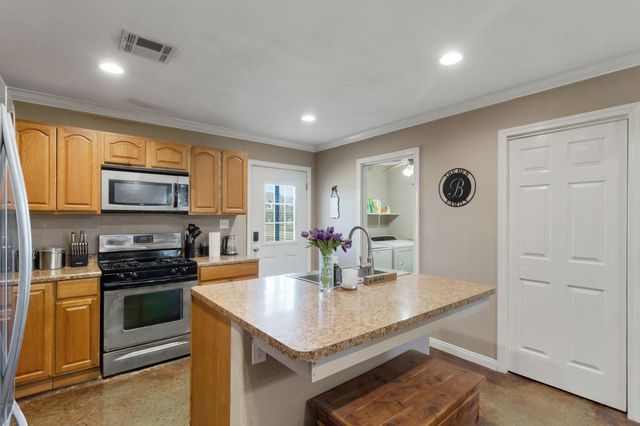 5850 Sh 61, Devers, TX 77538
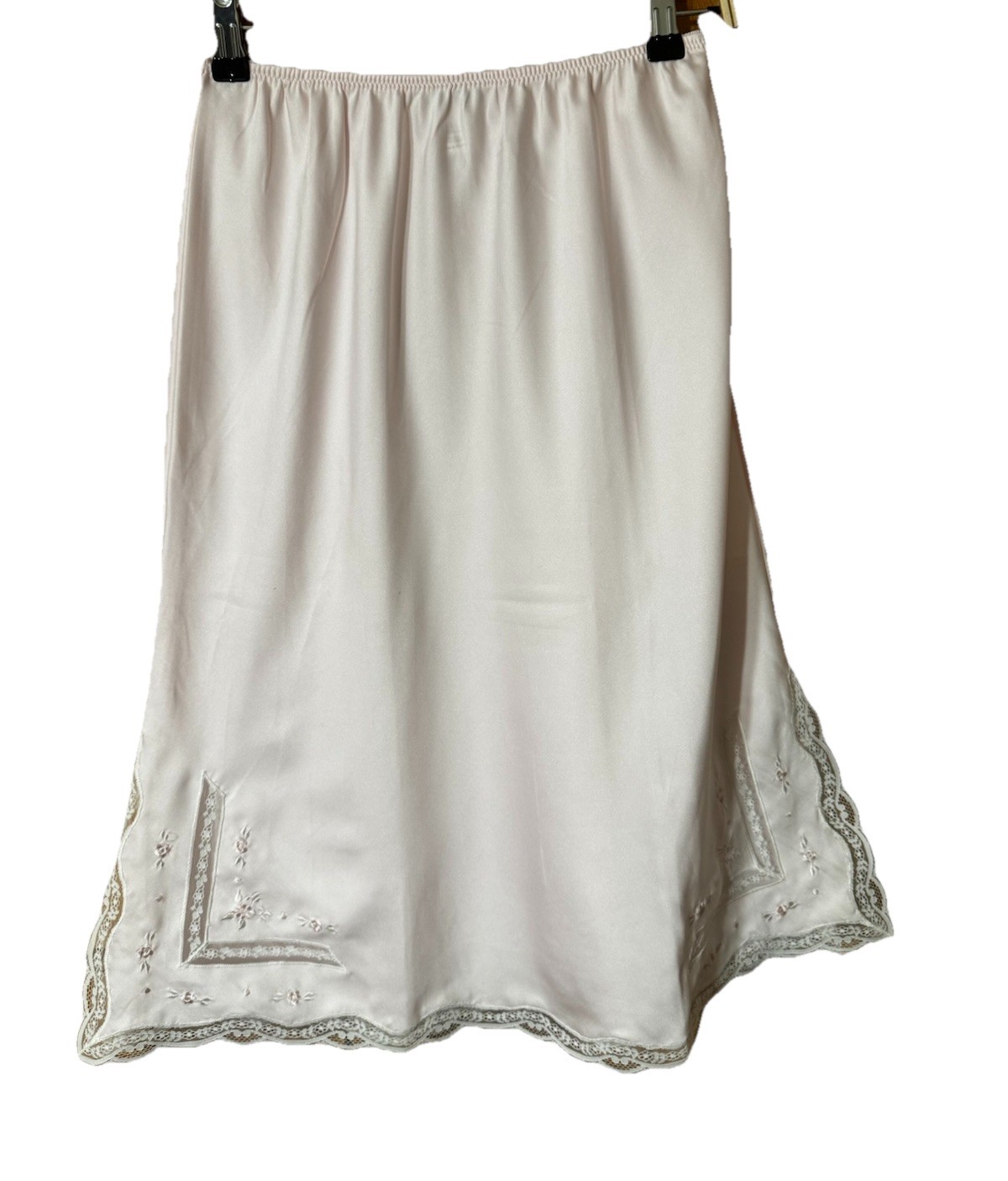 VTG SATIN PINK w/LACE,APPLIQUÉ SARA BETH SLIP SKIRT w/SLIT M W- 24-32” Flaw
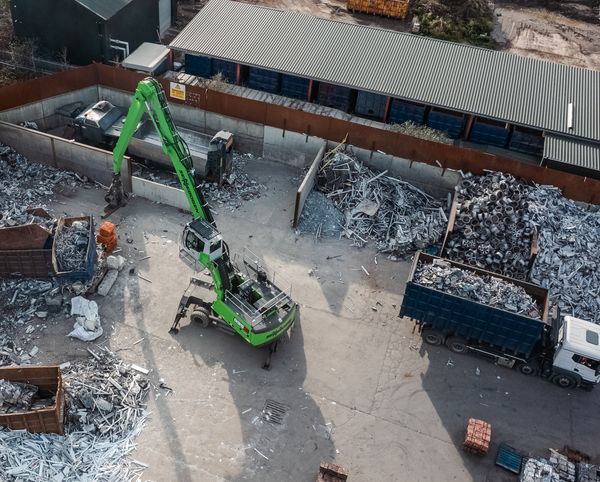 SENNEBOGEN 835G Hybrid – Use at recycling company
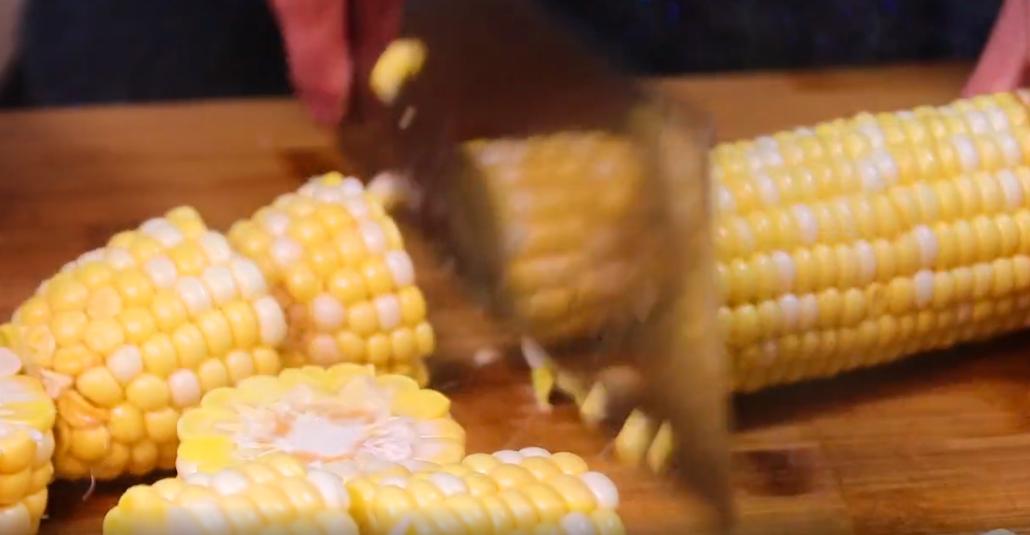 排骨不管我怎么做都有腥味,排骨不直接焯水多加二步入味又烂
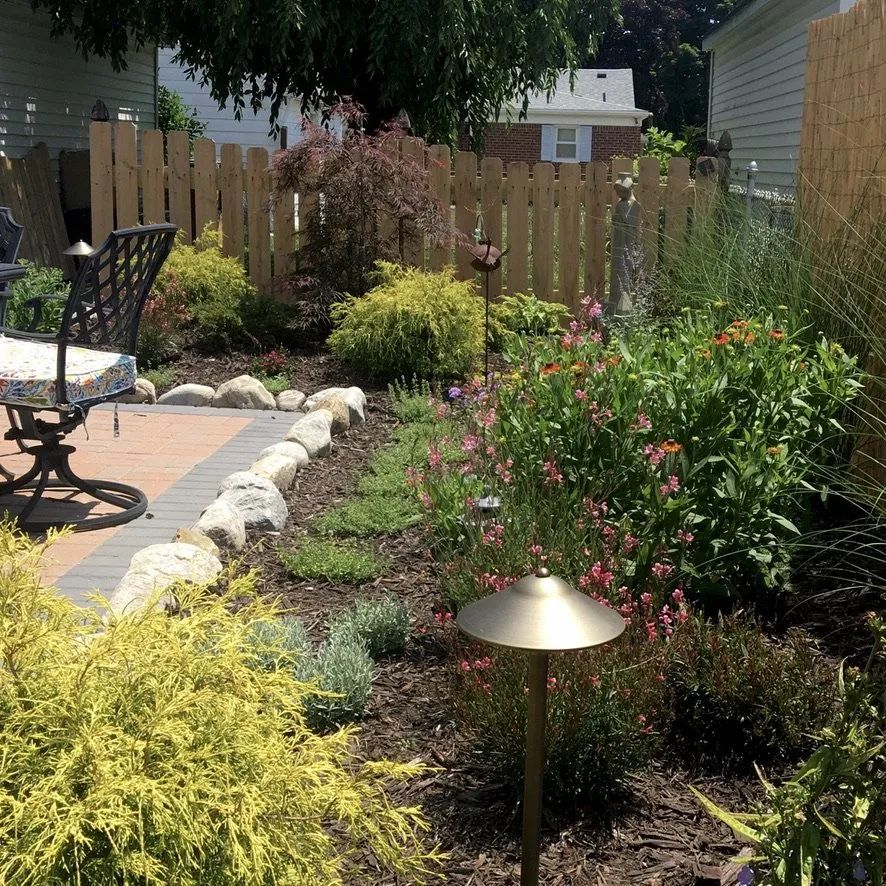 Affordable yard maintenance experts serving Dearborn, MI - Fresh Looks Landscaping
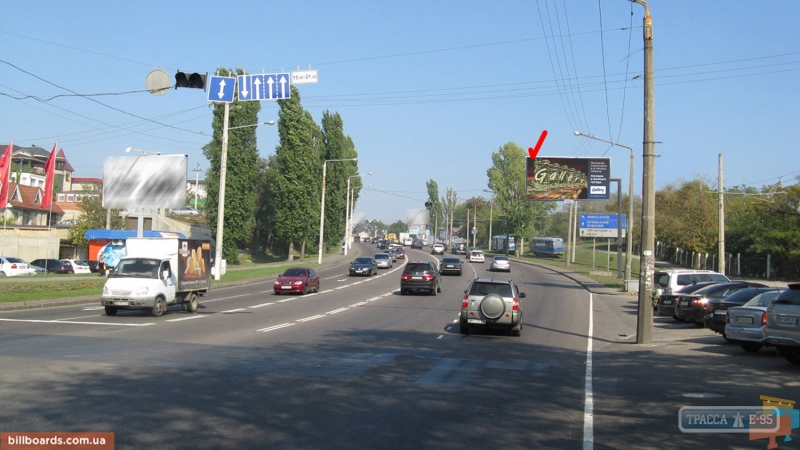 Николаевскую дорогу хотят расширить за счет тротуара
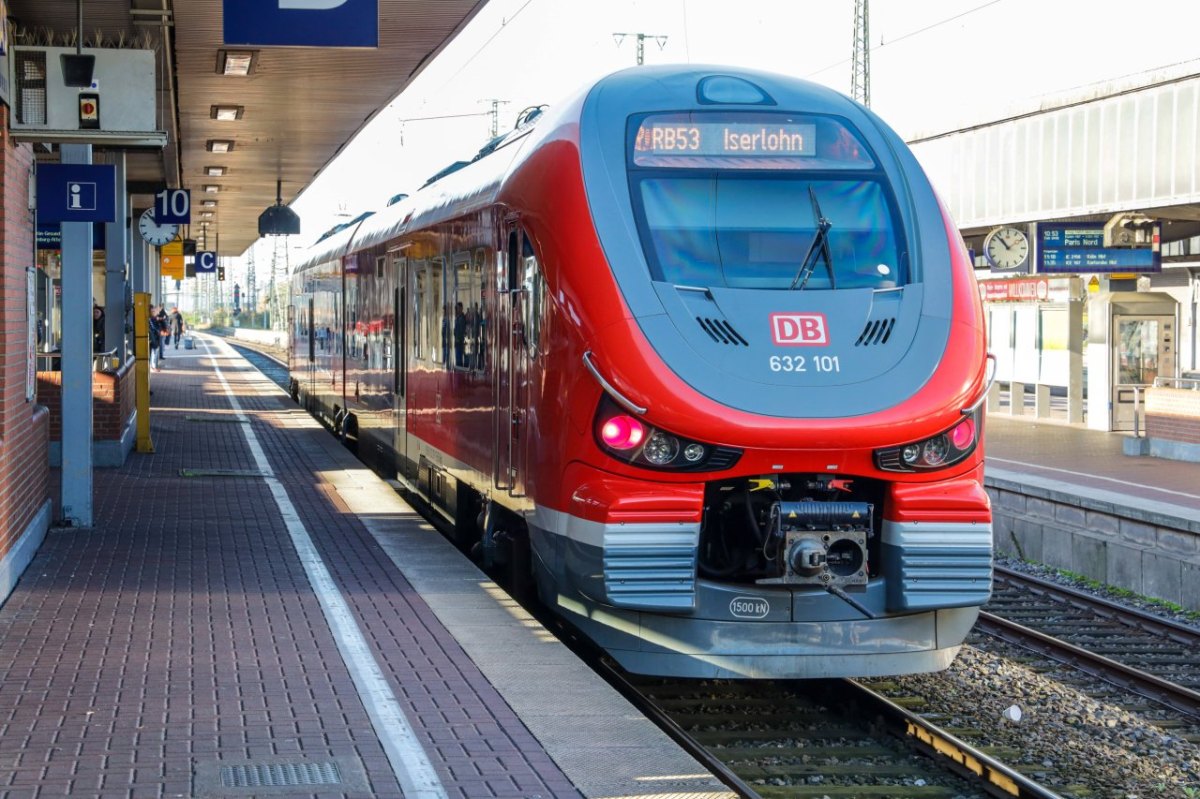 Deutsche Bahn in Dortmund: Mann rastet aus und muss gefesselt aus Zug getragen werden – später behauptet er DAS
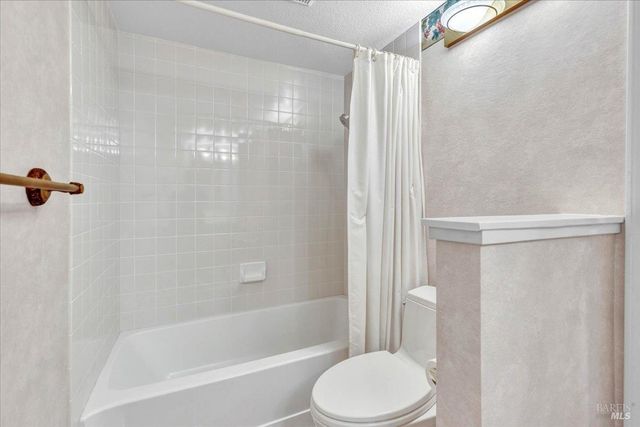 724 Chelmsford Ct, Vacaville, CA 95688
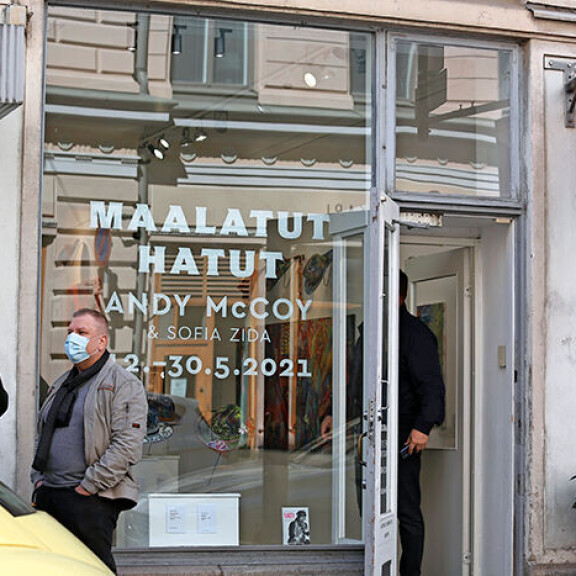 Andyn ja Sofia Zidan uuden “Maalatut Hatut” -taidenäyttelyn avajaisia vietettiin viime viikon keskiviikkona Helsingissä. Andy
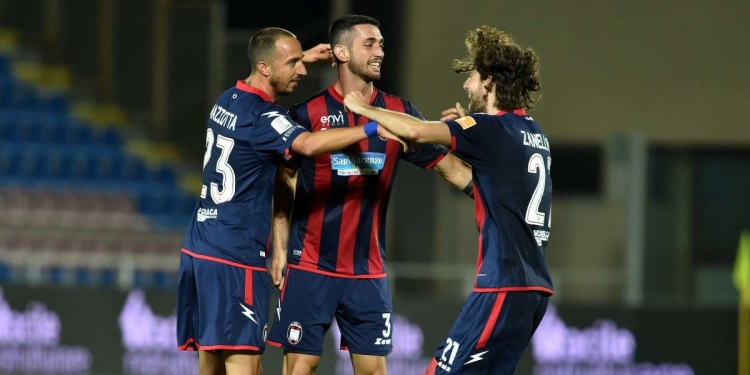 Video Crotone Giugliano (Foto LaPresse)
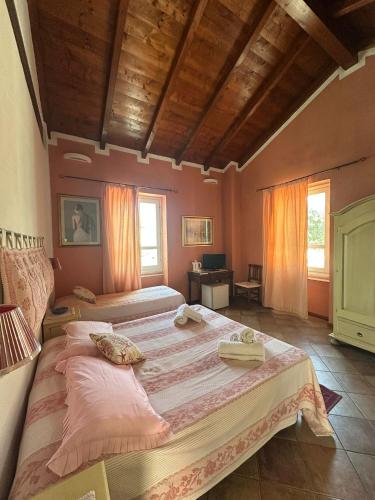 a bedroom with a large bed in a room at Rooms Guest House Il Porto Vecchio in Stintino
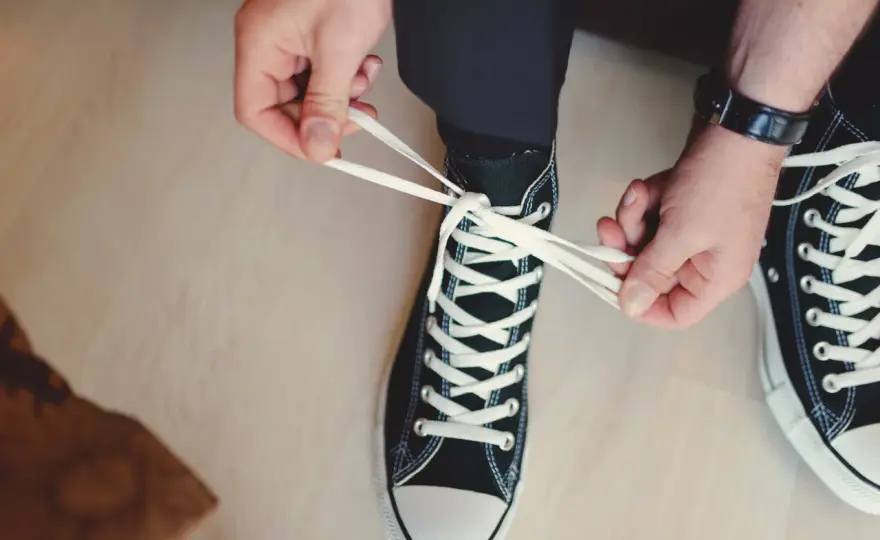 Garnitur i trampki na wesele - Jak nosić stylowo i bez wpadki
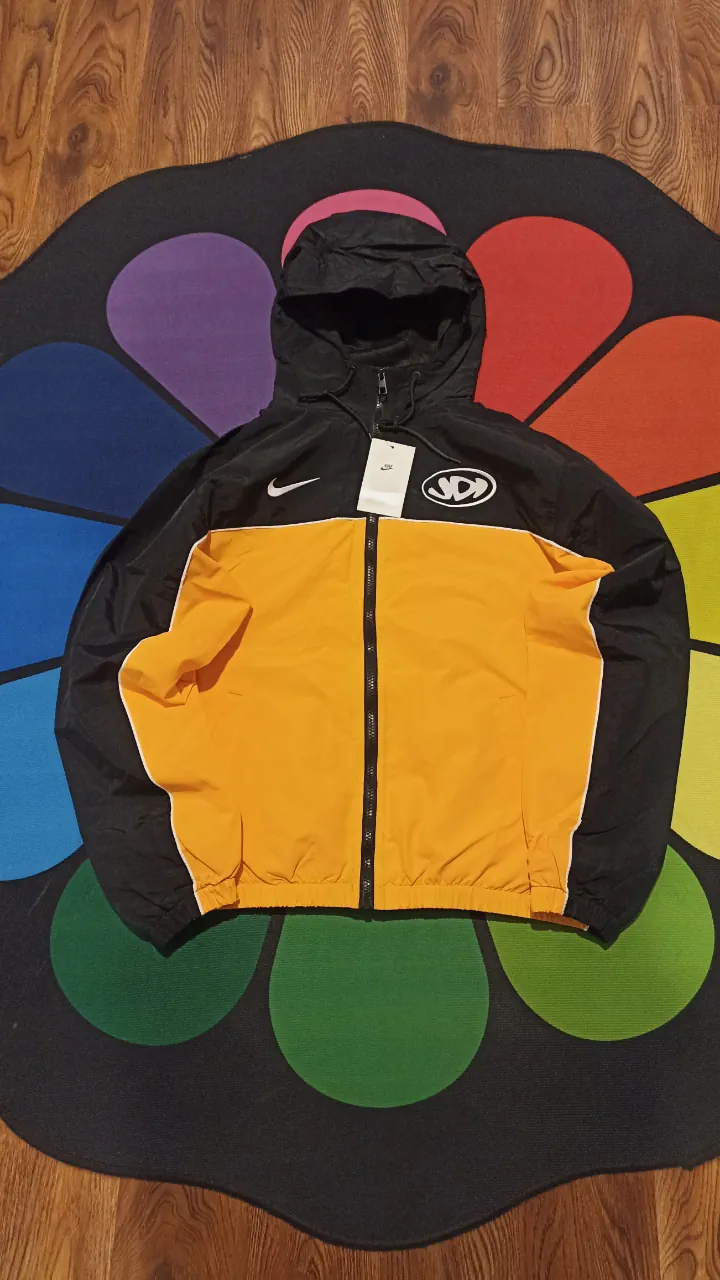 Rompeviento Nike - imagen 1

TASK GOAL: Could you transcribe exactly the lines from the line containing "Andyn ja Sofia" through the final line of the records, both included, and nothing beyond them? The pictures should be left out.

ANSWER TO THIS PROBLEM:
 Andyn ja Sofia Zidan uuden “Maalatut Hatut” -taidenäyttelyn avajaisia vietettiin viime viikon keskiviikkona Helsingissä. Andy
 Video Crotone Giugliano (Foto LaPresse)
 a bedroom with a large bed in a room at Rooms Guest House Il Porto Vecchio in Stintino
 Garnitur i trampki na wesele - Jak nosić stylowo i bez wpadki
 Rompeviento Nike - imagen 1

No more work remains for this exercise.